▶ _PROBLEM STATEMENT_: The answer should consist of every record, reproduced exactly.

▶ _ENTRIES PROVIDED_:
%%
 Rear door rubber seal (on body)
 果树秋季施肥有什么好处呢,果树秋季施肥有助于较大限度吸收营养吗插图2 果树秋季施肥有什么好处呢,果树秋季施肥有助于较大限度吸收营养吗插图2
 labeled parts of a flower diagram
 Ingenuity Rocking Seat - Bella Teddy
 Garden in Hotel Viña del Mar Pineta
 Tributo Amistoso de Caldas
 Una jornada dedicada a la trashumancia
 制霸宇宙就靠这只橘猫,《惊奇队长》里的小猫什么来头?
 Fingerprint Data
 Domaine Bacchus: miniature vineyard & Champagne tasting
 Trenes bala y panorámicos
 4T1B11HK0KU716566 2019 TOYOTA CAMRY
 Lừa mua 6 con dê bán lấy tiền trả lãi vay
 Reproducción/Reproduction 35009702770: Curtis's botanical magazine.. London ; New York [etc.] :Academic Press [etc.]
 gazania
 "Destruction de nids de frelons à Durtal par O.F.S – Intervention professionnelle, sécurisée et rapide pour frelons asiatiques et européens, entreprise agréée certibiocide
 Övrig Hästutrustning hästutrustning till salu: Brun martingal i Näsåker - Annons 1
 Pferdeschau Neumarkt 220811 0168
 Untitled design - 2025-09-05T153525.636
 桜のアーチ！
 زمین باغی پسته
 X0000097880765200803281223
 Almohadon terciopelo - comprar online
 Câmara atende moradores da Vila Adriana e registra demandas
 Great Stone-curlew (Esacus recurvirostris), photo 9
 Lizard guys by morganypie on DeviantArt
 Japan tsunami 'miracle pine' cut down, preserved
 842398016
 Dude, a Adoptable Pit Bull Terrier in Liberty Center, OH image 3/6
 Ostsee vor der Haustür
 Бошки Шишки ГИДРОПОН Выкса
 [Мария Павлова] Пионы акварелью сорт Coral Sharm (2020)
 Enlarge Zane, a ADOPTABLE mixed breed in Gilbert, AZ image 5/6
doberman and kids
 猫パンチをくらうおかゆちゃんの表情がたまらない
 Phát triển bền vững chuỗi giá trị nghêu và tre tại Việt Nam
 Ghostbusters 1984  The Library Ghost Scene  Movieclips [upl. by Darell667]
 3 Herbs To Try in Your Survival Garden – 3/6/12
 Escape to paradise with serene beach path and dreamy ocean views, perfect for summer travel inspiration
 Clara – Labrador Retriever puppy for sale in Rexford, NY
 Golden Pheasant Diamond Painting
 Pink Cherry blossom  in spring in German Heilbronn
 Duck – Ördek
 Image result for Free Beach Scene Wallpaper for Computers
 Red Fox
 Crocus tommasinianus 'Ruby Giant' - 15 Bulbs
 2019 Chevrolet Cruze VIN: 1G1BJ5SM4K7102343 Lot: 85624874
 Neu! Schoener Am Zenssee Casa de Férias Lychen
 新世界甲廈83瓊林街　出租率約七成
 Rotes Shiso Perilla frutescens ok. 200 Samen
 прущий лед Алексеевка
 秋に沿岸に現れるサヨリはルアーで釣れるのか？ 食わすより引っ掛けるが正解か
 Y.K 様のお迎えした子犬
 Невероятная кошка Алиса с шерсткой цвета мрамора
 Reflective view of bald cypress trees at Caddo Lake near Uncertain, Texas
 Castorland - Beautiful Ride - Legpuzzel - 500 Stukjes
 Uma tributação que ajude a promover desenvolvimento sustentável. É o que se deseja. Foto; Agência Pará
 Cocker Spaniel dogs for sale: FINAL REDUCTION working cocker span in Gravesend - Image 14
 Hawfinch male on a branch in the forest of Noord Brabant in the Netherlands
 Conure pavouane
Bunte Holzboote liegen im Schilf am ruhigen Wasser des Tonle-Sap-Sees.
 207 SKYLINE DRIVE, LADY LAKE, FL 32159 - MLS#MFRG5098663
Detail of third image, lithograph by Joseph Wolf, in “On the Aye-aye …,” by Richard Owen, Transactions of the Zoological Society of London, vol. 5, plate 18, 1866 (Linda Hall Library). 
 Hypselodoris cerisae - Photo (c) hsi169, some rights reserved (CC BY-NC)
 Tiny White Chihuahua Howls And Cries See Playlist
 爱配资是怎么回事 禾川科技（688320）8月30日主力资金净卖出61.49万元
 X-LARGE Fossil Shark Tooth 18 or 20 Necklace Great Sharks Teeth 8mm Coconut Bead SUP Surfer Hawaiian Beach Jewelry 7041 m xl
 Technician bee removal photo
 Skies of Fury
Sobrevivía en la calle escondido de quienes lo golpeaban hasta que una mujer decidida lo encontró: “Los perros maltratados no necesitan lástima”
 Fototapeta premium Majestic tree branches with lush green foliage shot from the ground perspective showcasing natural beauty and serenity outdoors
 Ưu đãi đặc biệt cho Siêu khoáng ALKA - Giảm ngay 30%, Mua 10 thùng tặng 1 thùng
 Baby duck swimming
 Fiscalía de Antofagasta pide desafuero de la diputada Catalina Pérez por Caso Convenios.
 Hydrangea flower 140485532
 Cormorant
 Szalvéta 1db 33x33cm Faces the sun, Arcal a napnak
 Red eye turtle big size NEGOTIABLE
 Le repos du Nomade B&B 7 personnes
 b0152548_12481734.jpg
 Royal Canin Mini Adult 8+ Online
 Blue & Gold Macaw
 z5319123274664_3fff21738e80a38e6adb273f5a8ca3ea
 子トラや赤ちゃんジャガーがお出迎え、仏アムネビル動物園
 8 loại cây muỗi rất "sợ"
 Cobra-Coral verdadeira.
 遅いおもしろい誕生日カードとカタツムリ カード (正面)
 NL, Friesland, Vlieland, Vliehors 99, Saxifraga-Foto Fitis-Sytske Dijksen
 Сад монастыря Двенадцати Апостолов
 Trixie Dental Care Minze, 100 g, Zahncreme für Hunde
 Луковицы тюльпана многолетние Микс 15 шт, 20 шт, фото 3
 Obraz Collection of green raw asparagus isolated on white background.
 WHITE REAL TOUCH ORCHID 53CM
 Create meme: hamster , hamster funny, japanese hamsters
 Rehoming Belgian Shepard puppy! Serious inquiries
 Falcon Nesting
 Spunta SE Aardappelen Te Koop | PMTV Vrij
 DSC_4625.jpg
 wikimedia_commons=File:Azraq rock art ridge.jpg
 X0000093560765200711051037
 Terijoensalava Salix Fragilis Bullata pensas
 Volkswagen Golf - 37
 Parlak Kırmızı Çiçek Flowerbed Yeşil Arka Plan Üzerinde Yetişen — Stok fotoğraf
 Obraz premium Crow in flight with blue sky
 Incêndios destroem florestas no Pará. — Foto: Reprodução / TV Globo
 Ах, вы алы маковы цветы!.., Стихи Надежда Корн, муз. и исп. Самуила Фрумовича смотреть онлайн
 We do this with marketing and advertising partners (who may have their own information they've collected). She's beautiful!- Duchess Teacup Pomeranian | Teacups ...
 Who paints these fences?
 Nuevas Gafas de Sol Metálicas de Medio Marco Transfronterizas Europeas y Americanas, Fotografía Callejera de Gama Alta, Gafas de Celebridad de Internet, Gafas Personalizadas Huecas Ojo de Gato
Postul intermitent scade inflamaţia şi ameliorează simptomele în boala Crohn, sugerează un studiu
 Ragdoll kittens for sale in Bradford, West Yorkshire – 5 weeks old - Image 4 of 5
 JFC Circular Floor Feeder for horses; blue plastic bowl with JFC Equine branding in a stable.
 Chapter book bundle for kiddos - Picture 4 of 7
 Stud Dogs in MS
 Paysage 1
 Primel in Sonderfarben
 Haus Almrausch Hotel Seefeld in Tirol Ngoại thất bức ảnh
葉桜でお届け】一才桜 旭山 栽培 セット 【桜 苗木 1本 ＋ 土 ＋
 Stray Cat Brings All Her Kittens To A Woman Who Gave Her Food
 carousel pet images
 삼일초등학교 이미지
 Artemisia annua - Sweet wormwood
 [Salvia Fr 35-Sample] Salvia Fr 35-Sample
%%
▶ _RESPONSE BELOW_:
 Rear door rubber seal (on body)
 果树秋季施肥有什么好处呢,果树秋季施肥有助于较大限度吸收营养吗插图2 果树秋季施肥有什么好处呢,果树秋季施肥有助于较大限度吸收营养吗插图2
 labeled parts of a flower diagram
 Ingenuity Rocking Seat - Bella Teddy
 Garden in Hotel Viña del Mar Pineta
 Tributo Amistoso de Caldas
 Una jornada dedicada a la trashumancia
 制霸宇宙就靠这只橘猫,《惊奇队长》里的小猫什么来头?
 Fingerprint Data
 Domaine Bacchus: miniature vineyard & Champagne tasting
 Trenes bala y panorámicos
 4T1B11HK0KU716566 2019 TOYOTA CAMRY
 Lừa mua 6 con dê bán lấy tiền trả lãi vay
 Reproducción/Reproduction 35009702770: Curtis's botanical magazine.. London ; New York [etc.] :Academic Press [etc.]
 gazania
 "Destruction de nids de frelons à Durtal par O.F.S – Intervention professionnelle, sécurisée et rapide pour frelons asiatiques et européens, entreprise agréée certibiocide
 Övrig Hästutrustning hästutrustning till salu: Brun martingal i Näsåker - Annons 1
 Pferdeschau Neumarkt 220811 0168
 Untitled design - 2025-09-05T153525.636
 桜のアーチ！
 زمین باغی پسته
 X0000097880765200803281223
 Almohadon terciopelo - comprar online
 Câmara atende moradores da Vila Adriana e registra demandas
 Great Stone-curlew (Esacus recurvirostris), photo 9
 Lizard guys by morganypie on DeviantArt
 Japan tsunami 'miracle pine' cut down, preserved
 842398016
 Dude, a Adoptable Pit Bull Terrier in Liberty Center, OH image 3/6
 Ostsee vor der Haustür
 Бошки Шишки ГИДРОПОН Выкса
 [Мария Павлова] Пионы акварелью сорт Coral Sharm (2020)
 Enlarge Zane, a ADOPTABLE mixed breed in Gilbert, AZ image 5/6
doberman and kids
 猫パンチをくらうおかゆちゃんの表情がたまらない
 Phát triển bền vững chuỗi giá trị nghêu và tre tại Việt Nam
 Ghostbusters 1984  The Library Ghost Scene  Movieclips [upl. by Darell667]
 3 Herbs To Try in Your Survival Garden – 3/6/12
 Escape to paradise with serene beach path and dreamy ocean views, perfect for summer travel inspiration
 Clara – Labrador Retriever puppy for sale in Rexford, NY
 Golden Pheasant Diamond Painting
 Pink Cherry blossom  in spring in German Heilbronn
 Duck – Ördek
 Image result for Free Beach Scene Wallpaper for Computers
 Red Fox
 Crocus tommasinianus 'Ruby Giant' - 15 Bulbs
 2019 Chevrolet Cruze VIN: 1G1BJ5SM4K7102343 Lot: 85624874
 Neu! Schoener Am Zenssee Casa de Férias Lychen
 新世界甲廈83瓊林街　出租率約七成
 Rotes Shiso Perilla frutescens ok. 200 Samen
 прущий лед Алексеевка
 秋に沿岸に現れるサヨリはルアーで釣れるのか？ 食わすより引っ掛けるが正解か
 Y.K 様のお迎えした子犬
 Невероятная кошка Алиса с шерсткой цвета мрамора
 Reflective view of bald cypress trees at Caddo Lake near Uncertain, Texas
 Castorland - Beautiful Ride - Legpuzzel - 500 Stukjes
 Uma tributação que ajude a promover desenvolvimento sustentável. É o que se deseja. Foto; Agência Pará
 Cocker Spaniel dogs for sale: FINAL REDUCTION working cocker span in Gravesend - Image 14
 Hawfinch male on a branch in the forest of Noord Brabant in the Netherlands
 Conure pavouane
Bunte Holzboote liegen im Schilf am ruhigen Wasser des Tonle-Sap-Sees.
 207 SKYLINE DRIVE, LADY LAKE, FL 32159 - MLS#MFRG5098663
Detail of third image, lithograph by Joseph Wolf, in “On the Aye-aye …,” by Richard Owen, Transactions of the Zoological Society of London, vol. 5, plate 18, 1866 (Linda Hall Library). 
 Hypselodoris cerisae - Photo (c) hsi169, some rights reserved (CC BY-NC)
 Tiny White Chihuahua Howls And Cries See Playlist
 爱配资是怎么回事 禾川科技（688320）8月30日主力资金净卖出61.49万元
 X-LARGE Fossil Shark Tooth 18 or 20 Necklace Great Sharks Teeth 8mm Coconut Bead SUP Surfer Hawaiian Beach Jewelry 7041 m xl
 Technician bee removal photo
 Skies of Fury
Sobrevivía en la calle escondido de quienes lo golpeaban hasta que una mujer decidida lo encontró: “Los perros maltratados no necesitan lástima”
 Fototapeta premium Majestic tree branches with lush green foliage shot from the ground perspective showcasing natural beauty and serenity outdoors
 Ưu đãi đặc biệt cho Siêu khoáng ALKA - Giảm ngay 30%, Mua 10 thùng tặng 1 thùng
 Baby duck swimming
 Fiscalía de Antofagasta pide desafuero de la diputada Catalina Pérez por Caso Convenios.
 Hydrangea flower 140485532
 Cormorant
 Szalvéta 1db 33x33cm Faces the sun, Arcal a napnak
 Red eye turtle big size NEGOTIABLE
 Le repos du Nomade B&B 7 personnes
 b0152548_12481734.jpg
 Royal Canin Mini Adult 8+ Online
 Blue & Gold Macaw
 z5319123274664_3fff21738e80a38e6adb273f5a8ca3ea
 子トラや赤ちゃんジャガーがお出迎え、仏アムネビル動物園
 8 loại cây muỗi rất "sợ"
 Cobra-Coral verdadeira.
 遅いおもしろい誕生日カードとカタツムリ カード (正面)
 NL, Friesland, Vlieland, Vliehors 99, Saxifraga-Foto Fitis-Sytske Dijksen
 Сад монастыря Двенадцати Апостолов
 Trixie Dental Care Minze, 100 g, Zahncreme für Hunde
 Луковицы тюльпана многолетние Микс 15 шт, 20 шт, фото 3
 Obraz Collection of green raw asparagus isolated on white background.
 WHITE REAL TOUCH ORCHID 53CM
 Create meme: hamster , hamster funny, japanese hamsters
 Rehoming Belgian Shepard puppy! Serious inquiries
 Falcon Nesting
 Spunta SE Aardappelen Te Koop | PMTV Vrij
 DSC_4625.jpg
 wikimedia_commons=File:Azraq rock art ridge.jpg
 X0000093560765200711051037
 Terijoensalava Salix Fragilis Bullata pensas
 Volkswagen Golf - 37
 Parlak Kırmızı Çiçek Flowerbed Yeşil Arka Plan Üzerinde Yetişen — Stok fotoğraf
 Obraz premium Crow in flight with blue sky
 Incêndios destroem florestas no Pará. — Foto: Reprodução / TV Globo
 Ах, вы алы маковы цветы!.., Стихи Надежда Корн, муз. и исп. Самуила Фрумовича смотреть онлайн
 We do this with marketing and advertising partners (who may have their own information they've collected). She's beautiful!- Duchess Teacup Pomeranian | Teacups ...
 Who paints these fences?
 Nuevas Gafas de Sol Metálicas de Medio Marco Transfronterizas Europeas y Americanas, Fotografía Callejera de Gama Alta, Gafas de Celebridad de Internet, Gafas Personalizadas Huecas Ojo de Gato
Postul intermitent scade inflamaţia şi ameliorează simptomele în boala Crohn, sugerează un studiu
 Ragdoll kittens for sale in Bradford, West Yorkshire – 5 weeks old - Image 4 of 5
 JFC Circular Floor Feeder for horses; blue plastic bowl with JFC Equine branding in a stable.
 Chapter book bundle for kiddos - Picture 4 of 7
 Stud Dogs in MS
 Paysage 1
 Primel in Sonderfarben
 Haus Almrausch Hotel Seefeld in Tirol Ngoại thất bức ảnh
葉桜でお届け】一才桜 旭山 栽培 セット 【桜 苗木 1本 ＋ 土 ＋
 Stray Cat Brings All Her Kittens To A Woman Who Gave Her Food
 carousel pet images
 삼일초등학교 이미지
 Artemisia annua - Sweet wormwood
 [Salvia Fr 35-Sample] Salvia Fr 35-Sample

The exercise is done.